Generating [Antediluvian-Tier] Skill Paths for Aspect of (Ambition)
“You need something to draw away your excess Ambition. Something to temper your will. What a broken thing you are, little cultivator. But still so strong of heart. So deviant to the point of madness. Something in you is shattered, but you deny it. And you force the pieces of your spirit together out of spite and fury.”
Immediately, Wei felt a deluge of experiences spilled out from him. All he experienced in the Hearted Realm—facing the Inheritors, breaking Seever, his sprint to escape thereafter—the details there grew hazy and distant. As if he could only recollect parts of the whole affair. From him, his experience came to a fork in the road.
Concept Core of (Harvest)
Concept Core of (Augmentation)
Both possessed a few synergies, but Wei’s instincts knew what he lacked. He had been vulnerable during battles—breaking when struck and barely able to keep up with Seever physically. For all his offensive capacity, he had been on the back foot that entire battle. He should have died several times over, if not for his fortune and tenacity.

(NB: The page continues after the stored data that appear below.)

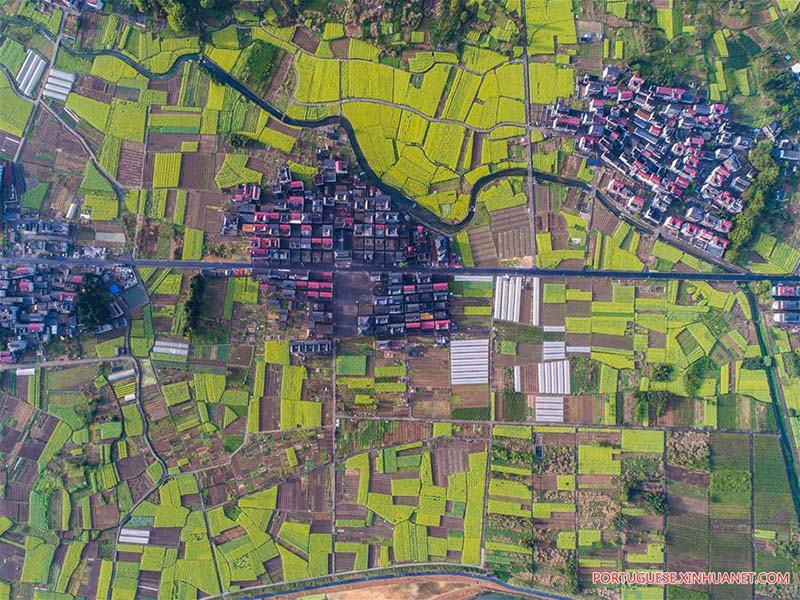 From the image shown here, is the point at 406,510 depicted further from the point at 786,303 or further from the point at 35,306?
the point at 786,303

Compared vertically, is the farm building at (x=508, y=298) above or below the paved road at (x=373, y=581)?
above

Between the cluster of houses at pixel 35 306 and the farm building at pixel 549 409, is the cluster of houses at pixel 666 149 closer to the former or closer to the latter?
the farm building at pixel 549 409

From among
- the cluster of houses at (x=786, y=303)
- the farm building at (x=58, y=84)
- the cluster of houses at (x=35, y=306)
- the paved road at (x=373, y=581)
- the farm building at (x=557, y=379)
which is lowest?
the paved road at (x=373, y=581)

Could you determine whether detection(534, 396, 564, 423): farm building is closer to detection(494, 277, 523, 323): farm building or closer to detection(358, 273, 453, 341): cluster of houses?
detection(494, 277, 523, 323): farm building

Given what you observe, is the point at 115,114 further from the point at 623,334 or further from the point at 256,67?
the point at 623,334

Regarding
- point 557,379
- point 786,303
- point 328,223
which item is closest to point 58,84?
point 328,223

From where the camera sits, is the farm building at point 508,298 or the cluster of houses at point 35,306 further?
the farm building at point 508,298

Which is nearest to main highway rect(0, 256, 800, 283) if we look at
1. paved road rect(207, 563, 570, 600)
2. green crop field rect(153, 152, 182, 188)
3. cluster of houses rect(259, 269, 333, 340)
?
cluster of houses rect(259, 269, 333, 340)

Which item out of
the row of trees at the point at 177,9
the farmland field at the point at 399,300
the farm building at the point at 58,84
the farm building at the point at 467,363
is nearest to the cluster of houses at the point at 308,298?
the farmland field at the point at 399,300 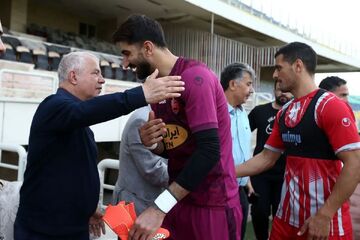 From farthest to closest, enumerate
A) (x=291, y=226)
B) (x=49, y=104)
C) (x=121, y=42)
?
(x=291, y=226) < (x=49, y=104) < (x=121, y=42)

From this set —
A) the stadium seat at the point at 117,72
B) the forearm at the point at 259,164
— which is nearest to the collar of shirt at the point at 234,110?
the forearm at the point at 259,164

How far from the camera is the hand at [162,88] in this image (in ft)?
5.09

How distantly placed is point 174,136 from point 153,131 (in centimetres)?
11

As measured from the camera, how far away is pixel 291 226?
85.5 inches

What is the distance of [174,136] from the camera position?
5.75 feet

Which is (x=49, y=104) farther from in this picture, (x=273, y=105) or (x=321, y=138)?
(x=273, y=105)

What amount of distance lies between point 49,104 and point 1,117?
3.96 metres

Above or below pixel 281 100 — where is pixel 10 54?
above

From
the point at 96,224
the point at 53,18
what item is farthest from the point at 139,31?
the point at 53,18

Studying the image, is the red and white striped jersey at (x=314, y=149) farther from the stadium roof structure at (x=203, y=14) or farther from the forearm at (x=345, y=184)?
the stadium roof structure at (x=203, y=14)

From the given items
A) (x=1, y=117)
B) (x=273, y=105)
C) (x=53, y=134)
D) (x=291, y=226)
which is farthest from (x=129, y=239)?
(x=1, y=117)

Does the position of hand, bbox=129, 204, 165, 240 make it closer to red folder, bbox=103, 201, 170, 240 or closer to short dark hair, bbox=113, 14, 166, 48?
red folder, bbox=103, 201, 170, 240

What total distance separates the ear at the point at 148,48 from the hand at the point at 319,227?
119cm

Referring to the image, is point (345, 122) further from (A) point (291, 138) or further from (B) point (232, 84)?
(B) point (232, 84) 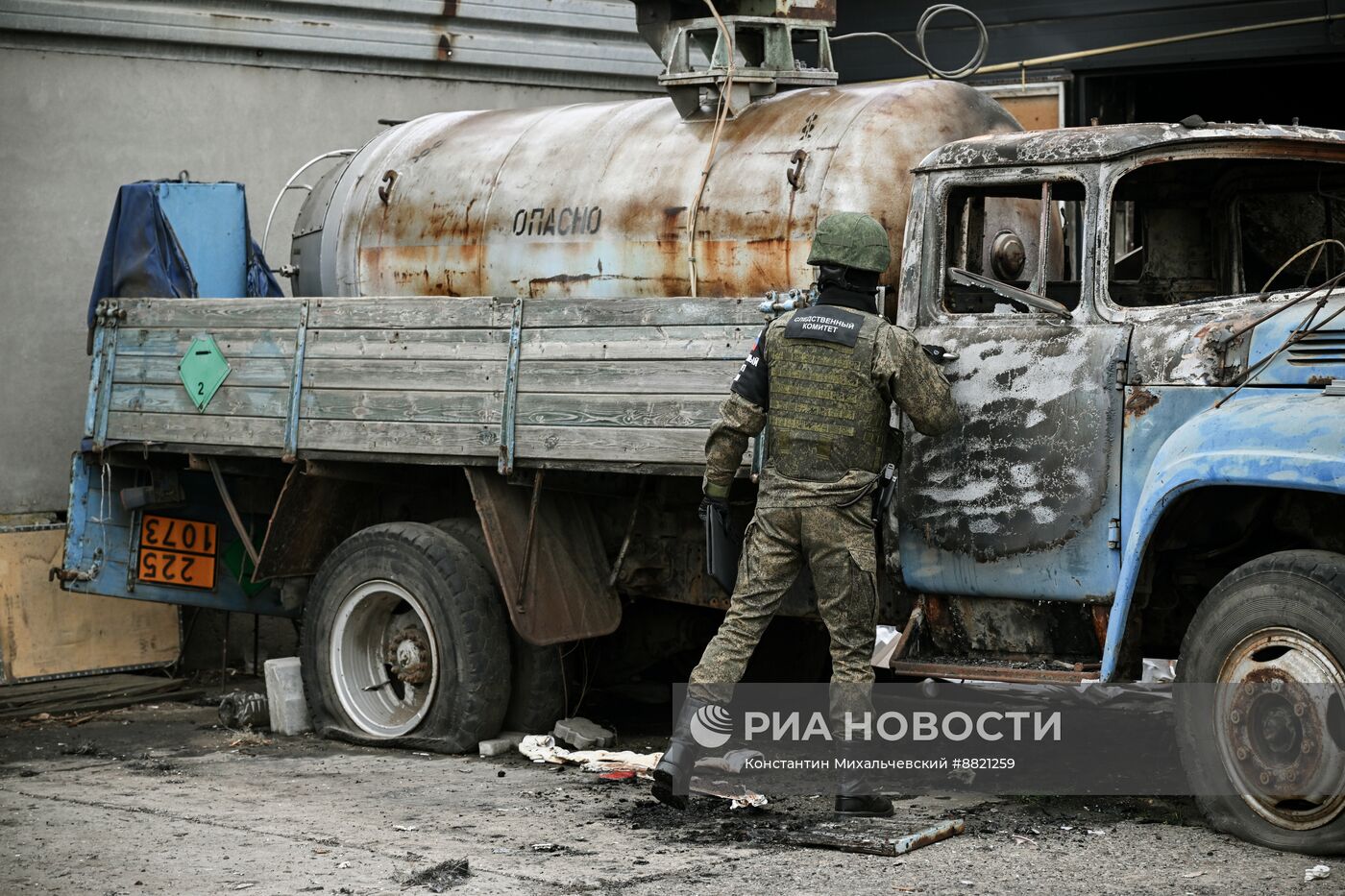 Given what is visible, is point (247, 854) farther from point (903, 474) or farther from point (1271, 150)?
point (1271, 150)

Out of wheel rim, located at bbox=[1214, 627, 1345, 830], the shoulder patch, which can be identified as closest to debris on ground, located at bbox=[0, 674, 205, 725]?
the shoulder patch

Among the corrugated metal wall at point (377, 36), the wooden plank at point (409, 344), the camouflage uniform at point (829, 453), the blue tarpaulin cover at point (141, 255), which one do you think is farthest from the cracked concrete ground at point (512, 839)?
the corrugated metal wall at point (377, 36)

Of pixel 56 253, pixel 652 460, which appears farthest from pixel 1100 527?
pixel 56 253

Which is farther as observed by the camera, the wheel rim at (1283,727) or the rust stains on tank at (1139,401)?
the rust stains on tank at (1139,401)

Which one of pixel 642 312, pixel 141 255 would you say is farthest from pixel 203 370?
pixel 642 312

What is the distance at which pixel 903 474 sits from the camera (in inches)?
258

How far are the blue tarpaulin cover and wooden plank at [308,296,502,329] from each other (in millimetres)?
1333

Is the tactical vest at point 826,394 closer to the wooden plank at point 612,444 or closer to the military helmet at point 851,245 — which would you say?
the military helmet at point 851,245

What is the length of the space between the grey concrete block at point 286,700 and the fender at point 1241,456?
4094 mm

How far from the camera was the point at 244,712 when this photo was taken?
342 inches

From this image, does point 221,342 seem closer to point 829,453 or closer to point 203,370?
point 203,370

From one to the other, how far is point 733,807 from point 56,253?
574 centimetres

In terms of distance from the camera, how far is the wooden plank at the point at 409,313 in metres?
7.55

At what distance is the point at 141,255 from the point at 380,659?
2.44m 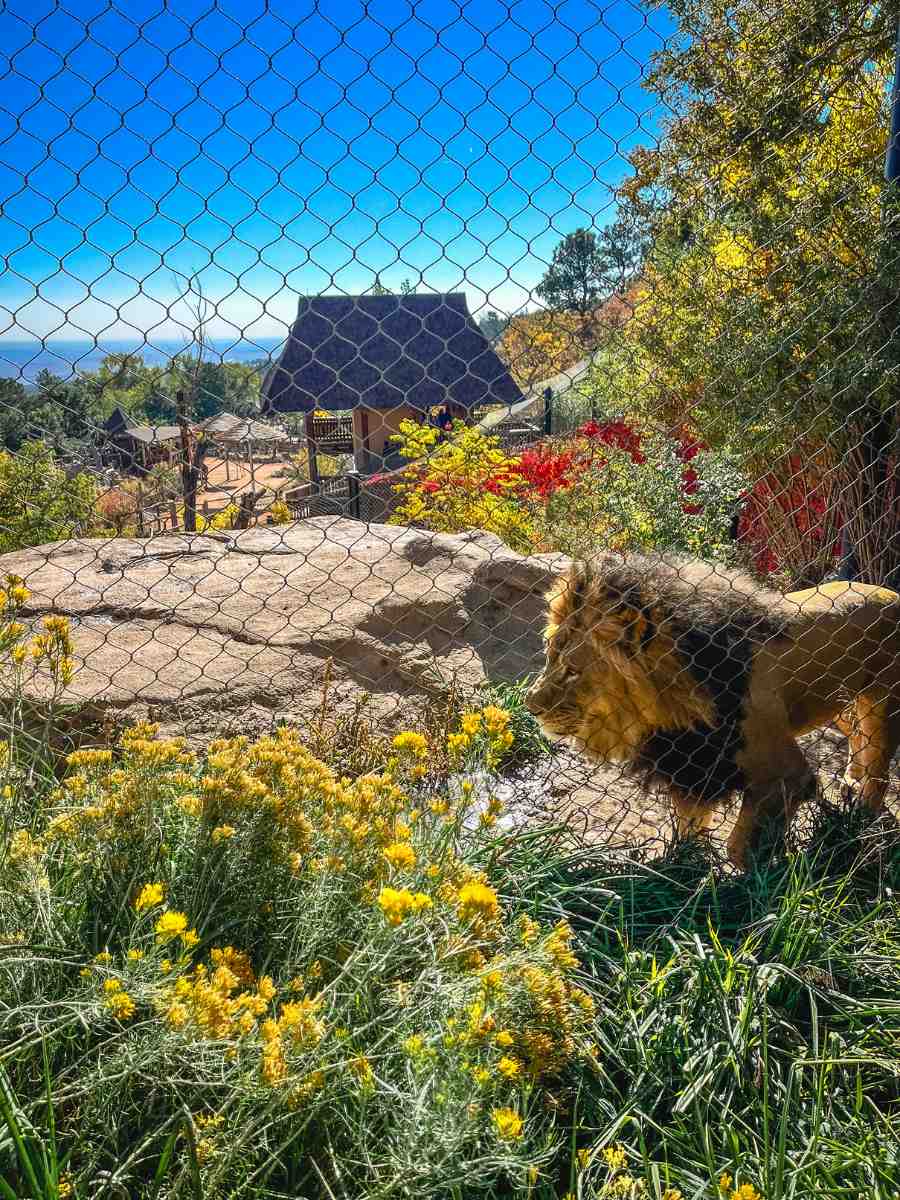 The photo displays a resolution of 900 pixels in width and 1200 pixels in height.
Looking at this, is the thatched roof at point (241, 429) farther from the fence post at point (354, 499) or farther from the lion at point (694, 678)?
the fence post at point (354, 499)

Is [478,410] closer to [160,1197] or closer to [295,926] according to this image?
[295,926]

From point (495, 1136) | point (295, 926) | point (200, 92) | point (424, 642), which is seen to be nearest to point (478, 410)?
point (424, 642)

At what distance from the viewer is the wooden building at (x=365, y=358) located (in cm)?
248

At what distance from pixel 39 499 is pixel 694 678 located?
307cm

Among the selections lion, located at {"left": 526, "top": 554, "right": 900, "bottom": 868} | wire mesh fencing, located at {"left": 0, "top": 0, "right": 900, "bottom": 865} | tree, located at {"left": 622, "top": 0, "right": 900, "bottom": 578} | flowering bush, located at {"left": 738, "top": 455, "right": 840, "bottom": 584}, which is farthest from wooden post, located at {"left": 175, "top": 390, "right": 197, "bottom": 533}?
flowering bush, located at {"left": 738, "top": 455, "right": 840, "bottom": 584}

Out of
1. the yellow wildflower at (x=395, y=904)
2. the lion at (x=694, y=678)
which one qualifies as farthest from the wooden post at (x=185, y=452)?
the yellow wildflower at (x=395, y=904)

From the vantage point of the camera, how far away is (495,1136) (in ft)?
5.10

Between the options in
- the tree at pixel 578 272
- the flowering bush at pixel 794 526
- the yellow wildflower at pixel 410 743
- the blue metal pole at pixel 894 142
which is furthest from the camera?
the flowering bush at pixel 794 526

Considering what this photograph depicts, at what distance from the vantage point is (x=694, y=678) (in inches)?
112

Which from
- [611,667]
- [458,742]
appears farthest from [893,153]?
[458,742]

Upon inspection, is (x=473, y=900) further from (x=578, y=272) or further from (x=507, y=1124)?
(x=578, y=272)

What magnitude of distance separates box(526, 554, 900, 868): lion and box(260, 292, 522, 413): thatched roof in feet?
2.43

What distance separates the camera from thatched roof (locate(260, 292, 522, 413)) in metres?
2.46

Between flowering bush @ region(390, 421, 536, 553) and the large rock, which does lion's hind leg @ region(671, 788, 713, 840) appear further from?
flowering bush @ region(390, 421, 536, 553)
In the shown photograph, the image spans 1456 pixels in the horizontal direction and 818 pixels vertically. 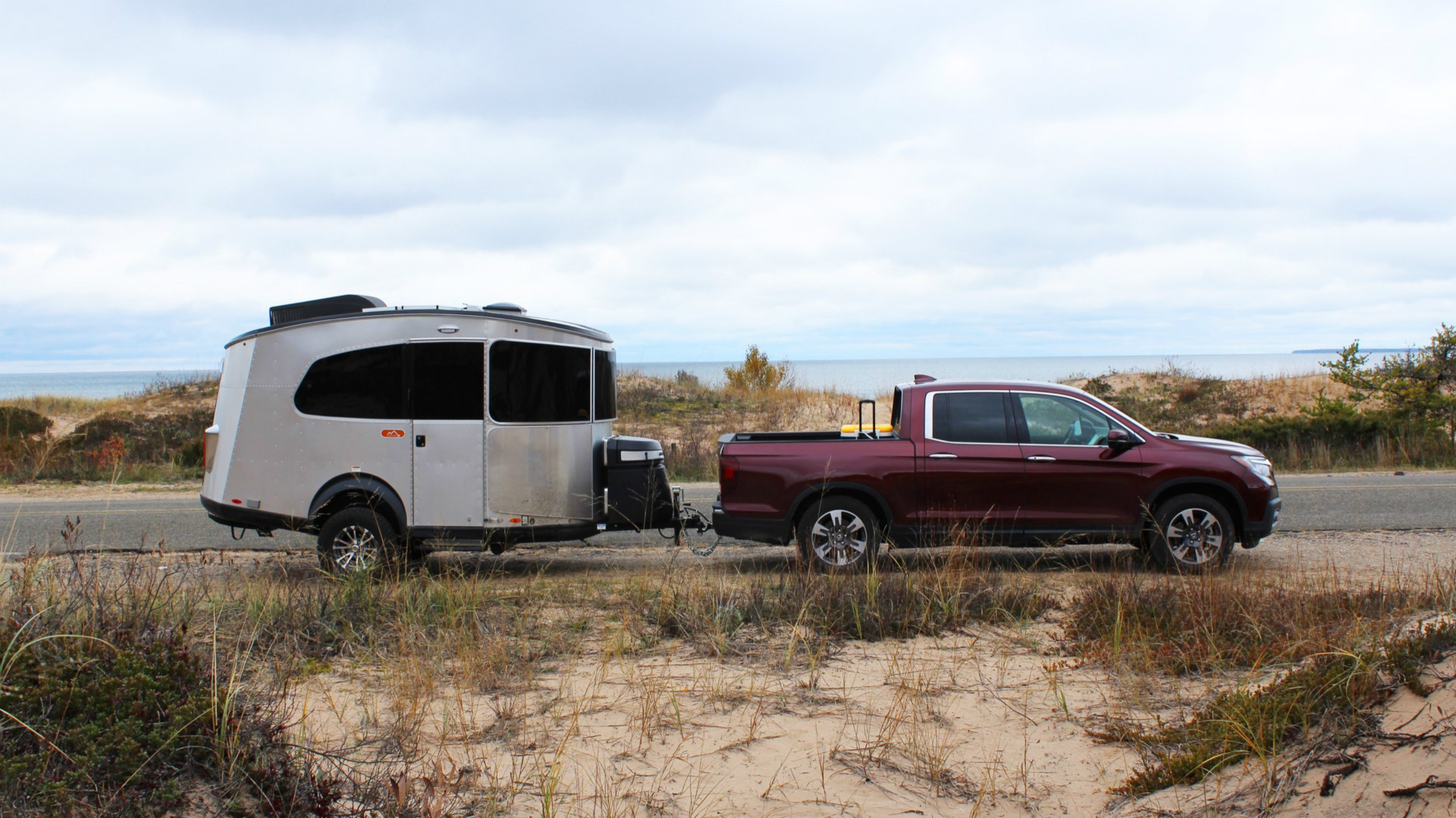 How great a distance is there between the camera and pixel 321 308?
8.85 metres

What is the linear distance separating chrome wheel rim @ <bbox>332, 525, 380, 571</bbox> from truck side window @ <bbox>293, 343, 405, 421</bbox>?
104cm

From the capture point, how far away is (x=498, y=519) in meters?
8.49

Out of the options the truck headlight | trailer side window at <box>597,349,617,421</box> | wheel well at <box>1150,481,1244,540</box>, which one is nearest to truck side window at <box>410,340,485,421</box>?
trailer side window at <box>597,349,617,421</box>

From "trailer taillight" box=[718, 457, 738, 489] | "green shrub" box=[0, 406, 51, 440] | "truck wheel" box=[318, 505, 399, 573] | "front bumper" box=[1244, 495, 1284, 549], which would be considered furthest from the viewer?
"green shrub" box=[0, 406, 51, 440]

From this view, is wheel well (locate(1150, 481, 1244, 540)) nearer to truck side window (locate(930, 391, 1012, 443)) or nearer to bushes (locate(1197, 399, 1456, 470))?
truck side window (locate(930, 391, 1012, 443))

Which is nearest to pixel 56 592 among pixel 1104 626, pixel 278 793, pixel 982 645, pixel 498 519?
pixel 278 793

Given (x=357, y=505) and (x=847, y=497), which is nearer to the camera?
(x=357, y=505)

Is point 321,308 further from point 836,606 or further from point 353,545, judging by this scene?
point 836,606

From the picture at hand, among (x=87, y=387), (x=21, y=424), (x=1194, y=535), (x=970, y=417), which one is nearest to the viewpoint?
(x=1194, y=535)

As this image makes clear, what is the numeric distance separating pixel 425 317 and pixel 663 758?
5.37m

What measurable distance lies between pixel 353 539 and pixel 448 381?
1674 millimetres

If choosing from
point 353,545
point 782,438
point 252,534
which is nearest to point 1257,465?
point 782,438

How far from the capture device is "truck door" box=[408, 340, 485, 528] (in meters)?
8.44

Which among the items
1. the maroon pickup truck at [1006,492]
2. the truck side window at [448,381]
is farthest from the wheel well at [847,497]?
the truck side window at [448,381] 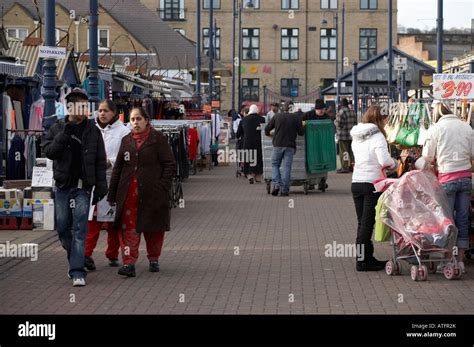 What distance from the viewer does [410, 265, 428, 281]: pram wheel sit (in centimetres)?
1150

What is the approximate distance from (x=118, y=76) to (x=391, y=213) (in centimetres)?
1699

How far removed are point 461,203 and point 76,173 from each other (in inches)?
161

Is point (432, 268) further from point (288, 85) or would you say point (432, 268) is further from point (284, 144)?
point (288, 85)

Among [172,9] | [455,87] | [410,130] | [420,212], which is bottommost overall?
[420,212]

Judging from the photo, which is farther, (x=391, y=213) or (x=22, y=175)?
(x=22, y=175)

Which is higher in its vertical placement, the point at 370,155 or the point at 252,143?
the point at 370,155

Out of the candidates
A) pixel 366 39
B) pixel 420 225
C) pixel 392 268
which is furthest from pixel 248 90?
pixel 420 225

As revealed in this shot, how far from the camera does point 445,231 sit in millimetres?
11625

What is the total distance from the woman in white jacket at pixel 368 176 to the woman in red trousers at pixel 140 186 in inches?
81.9

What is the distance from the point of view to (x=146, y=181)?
11992 mm

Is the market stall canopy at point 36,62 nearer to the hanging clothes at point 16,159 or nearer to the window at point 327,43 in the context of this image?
the hanging clothes at point 16,159

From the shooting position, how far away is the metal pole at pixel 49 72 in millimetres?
16391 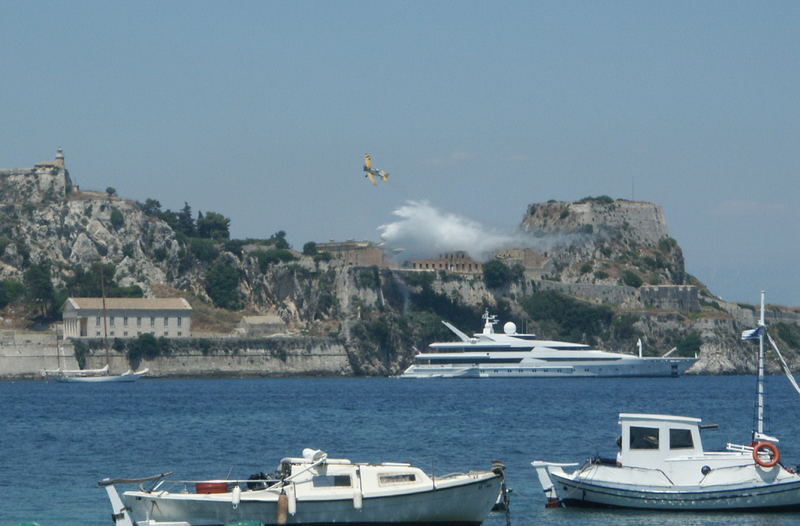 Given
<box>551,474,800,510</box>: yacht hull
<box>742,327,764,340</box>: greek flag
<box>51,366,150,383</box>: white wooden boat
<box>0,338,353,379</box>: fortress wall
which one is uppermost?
<box>742,327,764,340</box>: greek flag

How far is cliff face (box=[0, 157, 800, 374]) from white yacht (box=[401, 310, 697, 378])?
9.31m

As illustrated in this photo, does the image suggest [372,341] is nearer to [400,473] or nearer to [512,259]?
[512,259]

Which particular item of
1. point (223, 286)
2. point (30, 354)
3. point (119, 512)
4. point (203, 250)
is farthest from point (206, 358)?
point (119, 512)

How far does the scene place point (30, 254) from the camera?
155 metres

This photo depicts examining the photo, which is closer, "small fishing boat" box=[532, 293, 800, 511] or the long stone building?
"small fishing boat" box=[532, 293, 800, 511]

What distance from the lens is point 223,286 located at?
159250mm

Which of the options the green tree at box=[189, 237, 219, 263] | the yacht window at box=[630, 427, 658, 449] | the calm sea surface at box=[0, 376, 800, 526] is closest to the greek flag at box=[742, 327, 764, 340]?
the yacht window at box=[630, 427, 658, 449]

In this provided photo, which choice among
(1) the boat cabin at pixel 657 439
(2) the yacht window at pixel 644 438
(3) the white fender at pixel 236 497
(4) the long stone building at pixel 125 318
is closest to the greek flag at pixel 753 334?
(1) the boat cabin at pixel 657 439

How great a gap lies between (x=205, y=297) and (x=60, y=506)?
12113 centimetres

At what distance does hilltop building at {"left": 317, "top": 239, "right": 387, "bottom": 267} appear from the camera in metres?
170

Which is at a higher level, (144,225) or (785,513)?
(144,225)

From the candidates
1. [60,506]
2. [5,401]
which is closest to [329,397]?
[5,401]

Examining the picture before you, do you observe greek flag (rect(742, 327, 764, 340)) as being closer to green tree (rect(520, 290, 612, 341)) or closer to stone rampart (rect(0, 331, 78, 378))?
stone rampart (rect(0, 331, 78, 378))

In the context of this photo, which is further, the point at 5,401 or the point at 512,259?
the point at 512,259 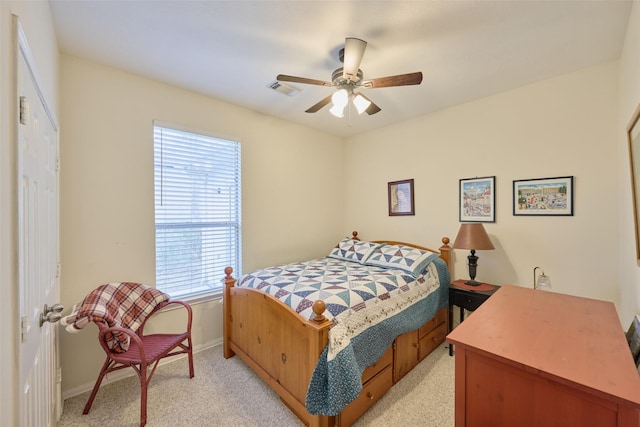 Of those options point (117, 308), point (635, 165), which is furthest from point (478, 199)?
point (117, 308)

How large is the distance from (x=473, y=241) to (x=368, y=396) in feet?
5.43

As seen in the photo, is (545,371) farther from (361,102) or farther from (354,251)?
(354,251)


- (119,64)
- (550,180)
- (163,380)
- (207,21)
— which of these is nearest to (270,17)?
(207,21)

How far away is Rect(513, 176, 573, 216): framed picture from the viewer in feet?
7.70

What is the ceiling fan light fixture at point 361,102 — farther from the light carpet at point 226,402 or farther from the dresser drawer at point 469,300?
the light carpet at point 226,402

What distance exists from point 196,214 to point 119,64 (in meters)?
1.42

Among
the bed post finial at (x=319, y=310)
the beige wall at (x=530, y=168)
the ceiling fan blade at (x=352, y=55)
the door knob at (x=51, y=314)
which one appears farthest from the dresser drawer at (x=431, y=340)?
the door knob at (x=51, y=314)

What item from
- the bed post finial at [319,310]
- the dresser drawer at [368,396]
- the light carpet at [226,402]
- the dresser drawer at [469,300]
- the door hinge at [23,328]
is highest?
the door hinge at [23,328]

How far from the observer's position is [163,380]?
7.35ft

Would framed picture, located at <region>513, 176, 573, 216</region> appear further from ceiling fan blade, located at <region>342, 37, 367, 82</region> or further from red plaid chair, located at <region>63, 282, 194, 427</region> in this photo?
red plaid chair, located at <region>63, 282, 194, 427</region>

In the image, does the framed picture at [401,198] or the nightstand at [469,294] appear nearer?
the nightstand at [469,294]

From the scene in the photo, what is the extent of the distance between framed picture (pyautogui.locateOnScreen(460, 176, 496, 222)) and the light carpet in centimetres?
152

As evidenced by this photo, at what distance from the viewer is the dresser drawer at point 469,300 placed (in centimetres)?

Right now, his Concept Core of Augmentation was devoid of anything. And Augmentation was exactly what his System required.
And so, Wei guided his experiences down the second path, causing options to be generated thusly.
Concept Core of (Augmentation)
>Titles (Antediluvean-Tier)
Integrating Aspect of (Ambition)
Aspect of (Ambition) has synergies with (ALL AVAILABLE MASTERY NODES)
Wei’s mind went blank. All available masteries?
“Indeed,” Asaru said. “These resources were meant to be the foundations for future Skills. A pity. This will reset your current mastery progress as well, but an Antediluvean-Tier Skill should be far more than you possess right now.”
Mastery Node Capacity [7/10]
>Proximal Acceleration
>Form of the Resonant
>Lesser Vessel of the Ruminator
>Lesser Manifestation
>Vector Chain
>Lesser Cast Possession
>Mark of Enmity
>Outsight
>Shiftstride
>Ruminator’s Languor
Generating Skill
At once, Wei felt his mastery nodes disappear in a building realm pulsating with growing force. Within its depths, his memories dissolved and the feats he performed were given shape once more through channeled Essence. And something built inside him. Like a suit of armor nested within his flesh.
[Antediluvian-Skill] Created
Shell of Masteries — Creates an idealized materialization of the host’s spirit shaped from the merger between their (Ambition) and devoted Mastery Nodes. The Shell of Masteries will constantly consume Source when materialized, and its form gains new evolutions based on what Mastery Nodes are devoted to its design.
And with a final blow, Wei finally shattered—but did not break. Instead, he found his being parted into halves, and from the wretched husk that was his flesh, a manifestation of spiritual perfection rose free.